Brandenburg meldet 42 neue ASP-Funde bei Wildschweinen. Insgesamt wurden bis 7.1.2021 insgesamt 461 infizierte Schwarzkittel entdeckt.

Das für Seuchenschutz zuständige Verbraucherschutzministerium in Brandenburg meldet am 7.1.2021 42 neue, amtlich bestätigte Fälle von Afrikanischer Schweinepest (ASP) bei Wildschweinen in Brandenburg. Damit erhöht sich die Zahl der ASP-Funde in Brandenburg auf 444. Inklusive der bisher 17 Funde im sächsischen Landkreis Görlitz wurden bundesweit 461 ASP-infizierte Wildschweine entdeckt.

Kein neuer Hot Spot

Nach Auskunft des Ministeriums handelt es sich bei den 42 Fällen ausschließlich um Funde in den bereits bestehenden Kerngebieten in den Landkreisen Oder-Spree und Märkisch-Oderland. Die Seuchenlage ändere sich dadurch nicht. Gegenüber top agrar bestätigte ein Sprecher des Ministeriums, dass es sich sowohl um Falltierfunde als auch um getötete Tiere aus den aufgestellten Lebendfallen handele. Einen neuen ASP-Hotspot gebe es nicht. Die hohe Zahl der bestätigten ASP-Fälle ergebe sich allein durch einen feiertagsbedingten Rückstau bei den ASP-Untersuchungen im Friedrich-Loeffler-Institut (FLI).

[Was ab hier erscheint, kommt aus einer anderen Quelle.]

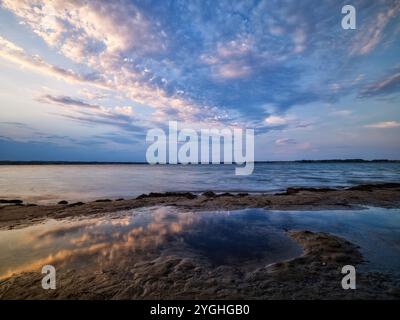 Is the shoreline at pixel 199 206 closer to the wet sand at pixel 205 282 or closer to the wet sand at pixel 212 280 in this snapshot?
the wet sand at pixel 212 280

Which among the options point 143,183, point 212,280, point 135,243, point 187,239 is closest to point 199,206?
point 187,239

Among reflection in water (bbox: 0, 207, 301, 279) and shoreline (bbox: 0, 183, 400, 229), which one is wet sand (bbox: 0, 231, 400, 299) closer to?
reflection in water (bbox: 0, 207, 301, 279)

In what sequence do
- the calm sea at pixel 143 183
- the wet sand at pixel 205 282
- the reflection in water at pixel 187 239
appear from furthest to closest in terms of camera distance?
the calm sea at pixel 143 183 → the reflection in water at pixel 187 239 → the wet sand at pixel 205 282

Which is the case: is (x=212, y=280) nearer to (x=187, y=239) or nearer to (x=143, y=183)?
(x=187, y=239)

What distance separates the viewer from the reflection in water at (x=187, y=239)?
615 centimetres

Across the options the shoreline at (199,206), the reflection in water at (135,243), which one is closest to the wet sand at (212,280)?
the reflection in water at (135,243)

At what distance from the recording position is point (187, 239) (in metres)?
8.04

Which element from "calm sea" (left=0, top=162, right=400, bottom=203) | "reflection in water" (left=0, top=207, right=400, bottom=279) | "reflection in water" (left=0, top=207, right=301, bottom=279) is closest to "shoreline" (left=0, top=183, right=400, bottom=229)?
"reflection in water" (left=0, top=207, right=400, bottom=279)

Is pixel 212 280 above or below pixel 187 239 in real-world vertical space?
→ above

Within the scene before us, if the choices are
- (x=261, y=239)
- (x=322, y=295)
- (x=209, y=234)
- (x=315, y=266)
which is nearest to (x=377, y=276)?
(x=315, y=266)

 Zaunbau macht Fortschritte

Unterdessen schreitet der Aufbau der festen Wildzäune weiter voran. Die innere und äußere Umzäunung der ersten „Weißen Zone“ rund um das Seuchengeschehen in Neuzelle im Landkreis Oder-Spree steht inzwischen komplett. Von der zweiten „Weißen Zone“ im Landkreis Märkisch-Oderland ist der äußere feste Zaun fertiggestellt, von der inneren Umzäunung fehlt jedoch noch ein Stück.